New engineering firm opens its doors on the island
Nikki Schultz has made a firm commitment to Jamestown by opening her new engineering company in the town where she lives. After considering a location across the bridge in South Kingstown, Schultz decided to open her business here on Conanicut Island.
“I actually bought a commercial building in South Kingstown and right now I’m putting it up for sale because I would rather be here,” Schultz said.
Schultz, a civil engineer who hails from New Jersey originally, graduated from the University of Rhode Island with a bachelor’s degree in civil engineering. After earning her undergraduate degree at URI – where she was also on the sailing team – she got her master’s degree in civil engineering and construction management at Northeastern University in Boston.
Schultz, who has been living in Jamestown for about six years, is licensed by the state of Rhode Island as a professional engineer, and has been involved with land development and construction for over 15 years.
Island Engineering is the name of Schultz’s new firm, and she is prepared to help Jamestown residents, and clients from as far afield as Block Island and beyond, with a menu of offerings that ranges from site due diligence to construction services, and includes everything in between. Her husband Robert, also a civil engineer, is a professional land surveyor who takes care of the firm’s surveying work.
“Right now we have quite a few projects in Jamestown,” Schultz said. “Everything from septic repair designs to septic design for new construction.” She is also currently working on projects for homeowners who are building additions on their houses and require Coastal Resource Management Council permits.
Schultz is anxious to point out that her firm bears no relation to the Island Engineering firm that operated in Jamestown some years ago. “When we were trying to figure out a name for the company, we went through several ideas, and we settled on Island Engineering,” she said. “In talking to people, no one said anything. We sent all of our paperwork to the state. As soon as everything was official, people started letting us know that there was an Island Engineering right here in Jamestown.”
Schultz said that the other engineering firm shut down “somewhere between 10 and 15 years ago. We are not the same Island Engineering. We are starting fresh, totally new, no association. We do know where the old Island Engineering records are. We know who has them. We’ve gotten a few phone calls from people looking for old plans so we know where to direct them, but we do not have them.”
These difficult economic times may not seem like the optimal moment to start a new business, but Schultz is determined to succeed despite the current fiscal environment. “People probably think we’re crazy starting a new firm in the middle of a recession, but I’ve always wanted to start my own engineering firm,” she said.
“I always wanted to work for myself.
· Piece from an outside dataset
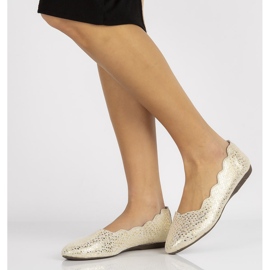 Ballerines en cuir Filippo DP1336/20 Go doré jaune 1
I had been in negotiations for taking over another firm and decided I’d rather start fresh,” Schultz added. “Being home-based in Jamestown, and wanting to be a part of the community, it seemed like the right fit.”
Schultz describes her decision to open her business in Jamestown as something of an epiphany. She points to the fact that while old school engineering and surveying firms have somewhat of a foothold in South County, Jamestown really doesn’t have that anymore. “It seemed like the right thing to do,” she said.
According to Schultz, it is not easy for a young woman to get started in what is, after all, a male-dominated field, especially when it comes to surveying. “There are a couple of female surveyors, there are probably more female engineers, but even just being younger can be a problem,” she said. According to Schultz, her husband had a hard time getting the opportunity to even apply to take the surveyor’s exam because he was only 24 years old at the time.
“They tried every way to stop him from taking it,” Schultz said. “It’s definitely an old boys’ club, and it’s a male-dominated field. It’s slowly changing, but that’s the truth.”
Despite advances made by women in the field, Schultz reports that people are still occasionally surprised when she shows up on a job site. She is often asked if she is representing her father’s company, or her husband’s company. “Honestly it doesn’t bother me anymore,” she said. “I just laugh. No one expects a young female engineer to show up on their site.”
Working in the island environment definitely has its advantages, according to Schultz. “It’s definitely a nice place to be doing field work when you’re surveying a site and you’re looking at the water,” she said.
Schultz reflected on her decision to live and work in Jamestown. “I grew up in a small town where everybody knew everybody,” she said. “Jamestown is sort of that feel as well. I really like that small-town feel. Everybody seems to want to help everybody out in some way.”
She said that the small-town feel carries over into the business. “I’ve gotten to know a lot of people here in town, and when they learned that I was starting the business, the referrals started coming in,” Schultz said. “It does have that really good community feel. It’s part of the reason why we are here in town. We do enjoy that.”